WHAT NEEDS TO BE DONE:
Nothing is needed except the lines below that run from the one with "Dvärgbuske med blad odlad i kruka" through the one with "Sewage Backup Cleanup Service in Vassar, MI", repeated exactly.

★ ★ ★ ★

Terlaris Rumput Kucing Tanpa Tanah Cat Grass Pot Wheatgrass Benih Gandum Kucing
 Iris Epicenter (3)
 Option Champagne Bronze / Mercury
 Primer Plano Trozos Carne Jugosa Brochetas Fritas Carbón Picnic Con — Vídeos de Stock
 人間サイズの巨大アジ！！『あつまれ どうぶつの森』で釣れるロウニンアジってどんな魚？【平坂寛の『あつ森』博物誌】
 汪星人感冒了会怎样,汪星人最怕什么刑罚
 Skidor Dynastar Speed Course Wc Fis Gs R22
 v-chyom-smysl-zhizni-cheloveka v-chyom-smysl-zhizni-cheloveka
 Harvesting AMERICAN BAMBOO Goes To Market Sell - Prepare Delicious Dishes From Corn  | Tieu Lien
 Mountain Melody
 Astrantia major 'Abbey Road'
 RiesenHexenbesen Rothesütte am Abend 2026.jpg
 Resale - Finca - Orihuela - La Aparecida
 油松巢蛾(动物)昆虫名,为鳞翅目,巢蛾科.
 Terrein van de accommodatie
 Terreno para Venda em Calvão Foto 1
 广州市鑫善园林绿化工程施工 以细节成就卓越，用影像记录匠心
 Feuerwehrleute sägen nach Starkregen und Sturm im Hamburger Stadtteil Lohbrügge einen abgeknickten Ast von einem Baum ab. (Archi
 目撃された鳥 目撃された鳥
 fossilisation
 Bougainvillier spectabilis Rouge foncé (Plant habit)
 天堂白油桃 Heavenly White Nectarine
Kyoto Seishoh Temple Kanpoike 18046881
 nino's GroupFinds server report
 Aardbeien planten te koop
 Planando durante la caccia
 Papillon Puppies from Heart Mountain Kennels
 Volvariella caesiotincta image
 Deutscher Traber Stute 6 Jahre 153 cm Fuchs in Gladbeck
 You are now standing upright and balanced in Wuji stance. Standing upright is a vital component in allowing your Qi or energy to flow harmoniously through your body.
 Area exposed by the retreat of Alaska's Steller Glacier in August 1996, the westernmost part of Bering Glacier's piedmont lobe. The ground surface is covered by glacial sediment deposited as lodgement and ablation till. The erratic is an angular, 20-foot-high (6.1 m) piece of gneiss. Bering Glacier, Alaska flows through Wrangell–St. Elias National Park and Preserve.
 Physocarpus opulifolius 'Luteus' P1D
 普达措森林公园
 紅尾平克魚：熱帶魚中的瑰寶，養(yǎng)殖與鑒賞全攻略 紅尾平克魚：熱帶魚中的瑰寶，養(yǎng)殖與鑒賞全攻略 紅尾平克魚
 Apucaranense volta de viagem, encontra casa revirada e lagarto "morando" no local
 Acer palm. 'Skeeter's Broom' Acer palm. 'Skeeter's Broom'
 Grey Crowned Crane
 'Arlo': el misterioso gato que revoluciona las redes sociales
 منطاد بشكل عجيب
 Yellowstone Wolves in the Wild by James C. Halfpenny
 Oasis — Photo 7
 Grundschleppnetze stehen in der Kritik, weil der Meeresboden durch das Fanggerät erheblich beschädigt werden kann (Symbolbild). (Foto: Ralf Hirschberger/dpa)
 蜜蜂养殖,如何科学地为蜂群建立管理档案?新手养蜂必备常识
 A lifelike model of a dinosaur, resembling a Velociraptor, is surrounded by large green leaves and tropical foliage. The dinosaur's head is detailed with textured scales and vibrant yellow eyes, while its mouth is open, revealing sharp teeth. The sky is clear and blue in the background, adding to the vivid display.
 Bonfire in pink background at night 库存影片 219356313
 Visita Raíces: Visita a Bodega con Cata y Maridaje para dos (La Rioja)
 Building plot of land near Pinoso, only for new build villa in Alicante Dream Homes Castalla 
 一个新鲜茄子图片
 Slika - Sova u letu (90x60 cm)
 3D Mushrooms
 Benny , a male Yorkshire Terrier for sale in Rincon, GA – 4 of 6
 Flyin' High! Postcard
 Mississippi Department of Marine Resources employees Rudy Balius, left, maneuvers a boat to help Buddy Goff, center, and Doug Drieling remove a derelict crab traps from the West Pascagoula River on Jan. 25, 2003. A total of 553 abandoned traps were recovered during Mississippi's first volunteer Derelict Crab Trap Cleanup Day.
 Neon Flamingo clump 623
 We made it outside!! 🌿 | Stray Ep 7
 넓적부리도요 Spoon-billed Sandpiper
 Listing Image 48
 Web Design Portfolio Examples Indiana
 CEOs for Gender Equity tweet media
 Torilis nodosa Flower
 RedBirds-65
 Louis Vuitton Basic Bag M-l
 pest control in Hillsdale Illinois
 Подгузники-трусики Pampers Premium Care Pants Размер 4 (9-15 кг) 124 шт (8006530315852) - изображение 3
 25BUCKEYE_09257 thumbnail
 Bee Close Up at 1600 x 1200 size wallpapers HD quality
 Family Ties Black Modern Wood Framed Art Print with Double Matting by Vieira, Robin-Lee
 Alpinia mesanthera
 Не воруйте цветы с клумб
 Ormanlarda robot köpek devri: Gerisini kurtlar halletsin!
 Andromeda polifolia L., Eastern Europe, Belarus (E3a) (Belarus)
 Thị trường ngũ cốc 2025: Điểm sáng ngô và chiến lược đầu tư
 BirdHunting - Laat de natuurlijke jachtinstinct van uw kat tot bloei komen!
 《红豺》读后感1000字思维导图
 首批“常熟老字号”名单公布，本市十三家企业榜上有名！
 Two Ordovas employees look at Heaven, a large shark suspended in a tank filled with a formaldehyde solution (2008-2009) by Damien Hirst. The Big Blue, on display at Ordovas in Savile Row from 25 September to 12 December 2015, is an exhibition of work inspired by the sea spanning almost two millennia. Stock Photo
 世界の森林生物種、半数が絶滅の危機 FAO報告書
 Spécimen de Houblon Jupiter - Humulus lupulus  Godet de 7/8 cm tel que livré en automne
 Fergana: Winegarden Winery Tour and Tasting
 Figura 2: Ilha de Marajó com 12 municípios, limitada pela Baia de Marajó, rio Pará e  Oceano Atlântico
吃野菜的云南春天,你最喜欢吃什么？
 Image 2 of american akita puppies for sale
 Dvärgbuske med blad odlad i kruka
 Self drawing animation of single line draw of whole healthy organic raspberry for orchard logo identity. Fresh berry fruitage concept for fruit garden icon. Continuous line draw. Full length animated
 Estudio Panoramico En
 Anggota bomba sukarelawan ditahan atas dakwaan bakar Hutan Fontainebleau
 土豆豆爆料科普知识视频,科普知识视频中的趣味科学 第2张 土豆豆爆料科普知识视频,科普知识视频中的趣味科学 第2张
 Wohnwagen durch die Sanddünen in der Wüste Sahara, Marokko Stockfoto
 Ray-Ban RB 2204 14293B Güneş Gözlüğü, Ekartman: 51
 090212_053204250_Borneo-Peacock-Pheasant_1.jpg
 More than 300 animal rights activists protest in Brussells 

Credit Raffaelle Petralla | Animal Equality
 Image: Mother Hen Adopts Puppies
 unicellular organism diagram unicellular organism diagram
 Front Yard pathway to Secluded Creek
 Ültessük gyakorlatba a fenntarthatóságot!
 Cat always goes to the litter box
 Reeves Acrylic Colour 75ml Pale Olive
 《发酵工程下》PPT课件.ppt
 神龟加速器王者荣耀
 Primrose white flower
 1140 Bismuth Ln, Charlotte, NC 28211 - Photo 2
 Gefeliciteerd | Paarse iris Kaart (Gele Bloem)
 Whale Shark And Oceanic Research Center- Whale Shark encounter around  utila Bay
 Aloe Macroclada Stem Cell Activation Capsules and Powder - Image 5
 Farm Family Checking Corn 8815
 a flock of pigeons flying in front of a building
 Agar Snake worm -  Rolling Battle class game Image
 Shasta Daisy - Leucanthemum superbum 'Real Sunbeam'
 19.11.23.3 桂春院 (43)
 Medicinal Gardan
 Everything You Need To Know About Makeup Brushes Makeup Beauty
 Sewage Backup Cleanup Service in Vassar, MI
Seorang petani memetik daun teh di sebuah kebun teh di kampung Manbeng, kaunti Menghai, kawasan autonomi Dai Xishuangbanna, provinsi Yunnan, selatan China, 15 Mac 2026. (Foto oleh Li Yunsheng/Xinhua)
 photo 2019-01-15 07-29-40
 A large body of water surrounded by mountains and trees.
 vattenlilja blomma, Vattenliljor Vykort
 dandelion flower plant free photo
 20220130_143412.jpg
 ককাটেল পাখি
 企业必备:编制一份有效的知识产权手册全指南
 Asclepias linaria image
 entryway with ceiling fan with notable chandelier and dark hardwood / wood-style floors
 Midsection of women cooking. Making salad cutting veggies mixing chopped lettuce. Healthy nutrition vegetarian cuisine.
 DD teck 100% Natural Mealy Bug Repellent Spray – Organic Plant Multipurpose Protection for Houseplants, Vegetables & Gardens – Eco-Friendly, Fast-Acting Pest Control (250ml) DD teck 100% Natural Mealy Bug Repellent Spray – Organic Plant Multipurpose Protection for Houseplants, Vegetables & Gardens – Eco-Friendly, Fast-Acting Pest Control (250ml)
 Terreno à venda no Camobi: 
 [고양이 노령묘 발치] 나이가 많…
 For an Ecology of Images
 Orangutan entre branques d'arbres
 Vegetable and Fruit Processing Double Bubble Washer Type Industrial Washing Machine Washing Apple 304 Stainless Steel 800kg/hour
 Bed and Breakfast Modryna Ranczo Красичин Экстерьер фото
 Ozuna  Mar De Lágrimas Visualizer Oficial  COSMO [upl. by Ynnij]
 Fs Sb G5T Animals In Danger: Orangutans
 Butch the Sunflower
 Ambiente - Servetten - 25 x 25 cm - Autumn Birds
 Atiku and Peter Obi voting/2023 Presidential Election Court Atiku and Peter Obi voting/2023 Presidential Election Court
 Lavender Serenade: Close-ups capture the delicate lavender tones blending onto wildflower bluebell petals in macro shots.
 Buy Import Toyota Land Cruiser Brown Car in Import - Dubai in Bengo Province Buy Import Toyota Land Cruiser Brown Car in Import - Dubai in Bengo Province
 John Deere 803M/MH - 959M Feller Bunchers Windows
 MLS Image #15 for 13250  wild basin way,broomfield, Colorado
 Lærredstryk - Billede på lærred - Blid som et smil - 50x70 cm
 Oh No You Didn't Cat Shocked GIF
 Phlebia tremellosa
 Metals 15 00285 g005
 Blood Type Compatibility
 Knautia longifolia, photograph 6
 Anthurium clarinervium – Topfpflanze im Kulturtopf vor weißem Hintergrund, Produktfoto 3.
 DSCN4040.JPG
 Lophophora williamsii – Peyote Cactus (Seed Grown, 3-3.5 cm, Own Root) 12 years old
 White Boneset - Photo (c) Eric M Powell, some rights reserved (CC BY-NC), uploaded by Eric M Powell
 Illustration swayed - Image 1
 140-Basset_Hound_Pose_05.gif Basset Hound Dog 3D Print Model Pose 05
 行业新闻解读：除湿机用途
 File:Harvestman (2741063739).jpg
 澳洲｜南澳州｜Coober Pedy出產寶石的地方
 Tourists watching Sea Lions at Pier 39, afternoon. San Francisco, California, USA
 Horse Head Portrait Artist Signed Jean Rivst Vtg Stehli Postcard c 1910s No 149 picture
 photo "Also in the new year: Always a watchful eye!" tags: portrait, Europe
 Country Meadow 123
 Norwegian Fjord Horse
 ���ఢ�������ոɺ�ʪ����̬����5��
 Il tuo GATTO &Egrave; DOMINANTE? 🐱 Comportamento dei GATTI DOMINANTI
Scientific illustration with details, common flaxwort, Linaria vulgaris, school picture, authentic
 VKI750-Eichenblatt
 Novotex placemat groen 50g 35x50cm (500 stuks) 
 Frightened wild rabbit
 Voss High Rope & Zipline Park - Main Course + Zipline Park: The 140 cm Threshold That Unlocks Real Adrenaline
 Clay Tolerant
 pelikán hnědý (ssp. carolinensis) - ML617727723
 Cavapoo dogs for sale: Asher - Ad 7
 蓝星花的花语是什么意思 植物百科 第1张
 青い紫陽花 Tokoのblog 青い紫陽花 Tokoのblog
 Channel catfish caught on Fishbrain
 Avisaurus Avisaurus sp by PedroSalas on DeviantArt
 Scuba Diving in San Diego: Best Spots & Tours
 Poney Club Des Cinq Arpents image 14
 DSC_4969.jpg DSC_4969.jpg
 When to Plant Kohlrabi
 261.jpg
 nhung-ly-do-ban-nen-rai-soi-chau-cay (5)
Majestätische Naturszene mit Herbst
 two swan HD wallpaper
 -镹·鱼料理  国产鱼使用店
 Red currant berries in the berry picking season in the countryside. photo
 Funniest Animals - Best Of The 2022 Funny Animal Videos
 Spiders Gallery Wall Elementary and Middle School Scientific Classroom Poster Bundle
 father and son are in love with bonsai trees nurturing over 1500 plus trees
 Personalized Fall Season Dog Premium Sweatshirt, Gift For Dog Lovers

★ ★ ★ ★

WRITTEN SOLUTION:
 Dvärgbuske med blad odlad i kruka
 Self drawing animation of single line draw of whole healthy organic raspberry for orchard logo identity. Fresh berry fruitage concept for fruit garden icon. Continuous line draw. Full length animated
 Estudio Panoramico En
 Anggota bomba sukarelawan ditahan atas dakwaan bakar Hutan Fontainebleau
 土豆豆爆料科普知识视频,科普知识视频中的趣味科学 第2张 土豆豆爆料科普知识视频,科普知识视频中的趣味科学 第2张
 Wohnwagen durch die Sanddünen in der Wüste Sahara, Marokko Stockfoto
 Ray-Ban RB 2204 14293B Güneş Gözlüğü, Ekartman: 51
 090212_053204250_Borneo-Peacock-Pheasant_1.jpg
 More than 300 animal rights activists protest in Brussells 

Credit Raffaelle Petralla | Animal Equality
 Image: Mother Hen Adopts Puppies
 unicellular organism diagram unicellular organism diagram
 Front Yard pathway to Secluded Creek
 Ültessük gyakorlatba a fenntarthatóságot!
 Cat always goes to the litter box
 Reeves Acrylic Colour 75ml Pale Olive
 《发酵工程下》PPT课件.ppt
 神龟加速器王者荣耀
 Primrose white flower
 1140 Bismuth Ln, Charlotte, NC 28211 - Photo 2
 Gefeliciteerd | Paarse iris Kaart (Gele Bloem)
 Whale Shark And Oceanic Research Center- Whale Shark encounter around  utila Bay
 Aloe Macroclada Stem Cell Activation Capsules and Powder - Image 5
 Farm Family Checking Corn 8815
 a flock of pigeons flying in front of a building
 Agar Snake worm -  Rolling Battle class game Image
 Shasta Daisy - Leucanthemum superbum 'Real Sunbeam'
 19.11.23.3 桂春院 (43)
 Medicinal Gardan
 Everything You Need To Know About Makeup Brushes Makeup Beauty
 Sewage Backup Cleanup Service in Vassar, MI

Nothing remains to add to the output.